In fact, loose-passive players should be welcomed to your game with open arms because they are as close as you will ever get to a goldmine or money printing press seated at your table. These fishy foes are easy to identify and once you have, you can take them on and take their money.
They’ll be found limping into more than their fair share of pots, calling any preflop raises that come after they’ve entered a pot. They then often will proceed to check-call all the way to the river or check-fold, only raising if they have an ultra-strong hand. Loose-passives are always on the lookout for a reason to call — bear that in mind for a little later on.
You’d think that these characteristics would make them the perfect opponents to play against, and you’d be right. But you’d also be surprised to see how many poker players struggle to beat them.
More often than not, the root of the frustration associated with playing against passive players is self-inflicted. By that I mean whoever is moaning about their bad luck or “how the fish always has it” often only has themselves to blame for handing over their stack or a large percentage of it.
The biggest culprits on this front are not listening to the betting or attempting to bluff a loose-passive off a pot. If one of these players has called a raise preflop, called a continuation bet on the flop, and then called a second barrel on the turn, there is no way on this planet that the player is folding on the river, regardless of how the board texture is — third pair is the mortal nuts for these guys!
So how do we beat these impossible-to-bluff types? One way is to use their own style of play against them.
Most of your money in poker will come from value betting. Good players don’t pay off as many value bets as weaker players, but loose-passives love calling value bets. It is this fact alone that makes them super profitable to play against.
If you have a strong hand, then make sure you’re extracting the maximum value from it. You can alter your bet sizes to assist you here because to a loose-passive a two-thirds-pot bet is just as easy to call as a half-pot bet. Bet the flop, bet the turn, and bet the river unless they’ve shown any indication of strength.

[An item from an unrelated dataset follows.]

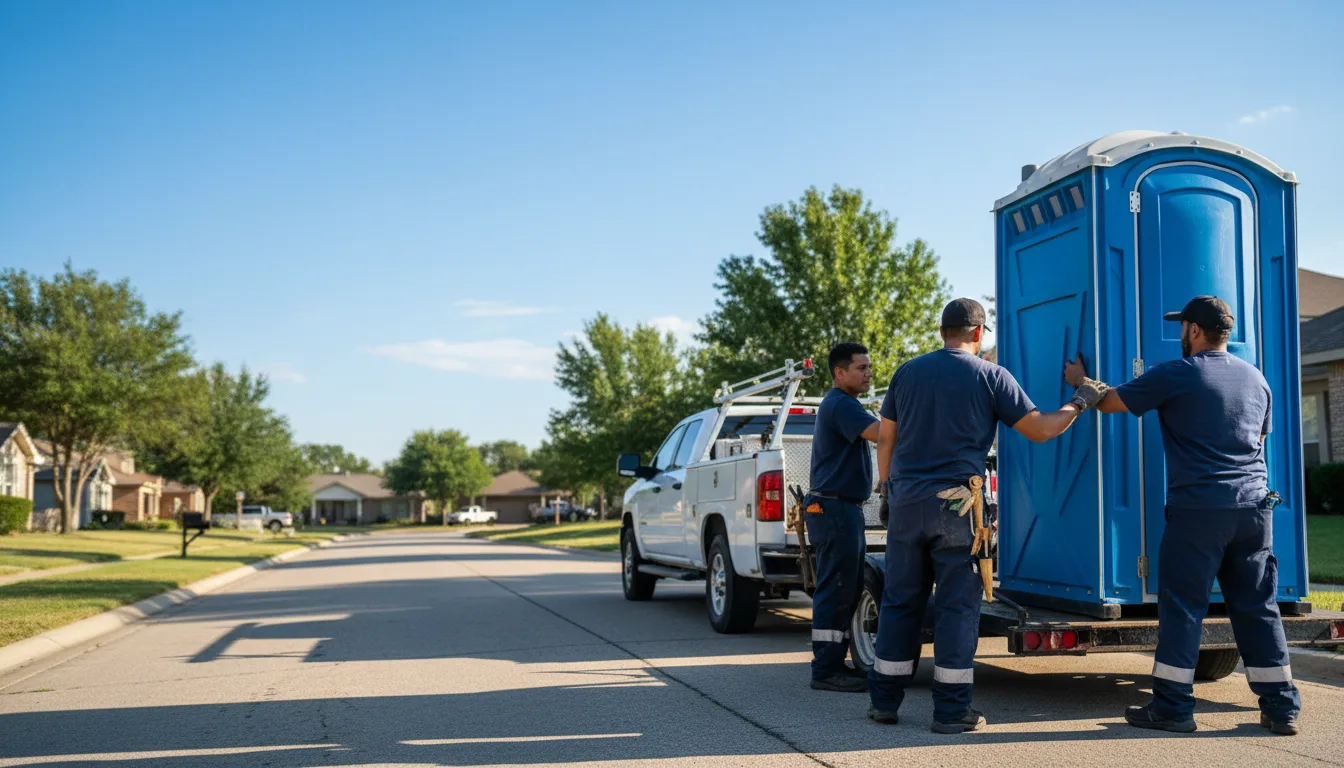Portable Toilet Rental in Lemont, PA near me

Another tip is to isolate these players preflop so that you can have them all to yourself. Should a loose-passive open-limp, stick in a raise to force any players yet to act out of the pot. This isolating of the player can be done with a wider range of hands than usual, because your implied odds are much greater than they would be against a strong, aggressive player.
You could even make your isolating raise larger than usual — or your blind-stealing raise if you have a loose-passive in the blinds — because the player is still likely to call and you’ll have positional advantage for the rest of the hand in a bloated pot. (And such a player is almost never going to get tricky postflop either — bonus!)
How you approach loose-passives on later streets comes down to any reads or notes that you may have. If they float the flop a lot — that is, call with nothing or a weak hand — then you can fire a continuation bet with a higher frequency with your good hands and check back weaker holdings.
When they call your flop bet and a turn bet, you need to start worrying about your own hand strength — because they won’t be! It is here that a lot of players go wrong and they continue stubbornly to bet into an opponent who has shown no inclination to fold.
Stop bluffing the loose-passives, respect any aggression they show, and value bet them out of the water, and you should do just fine.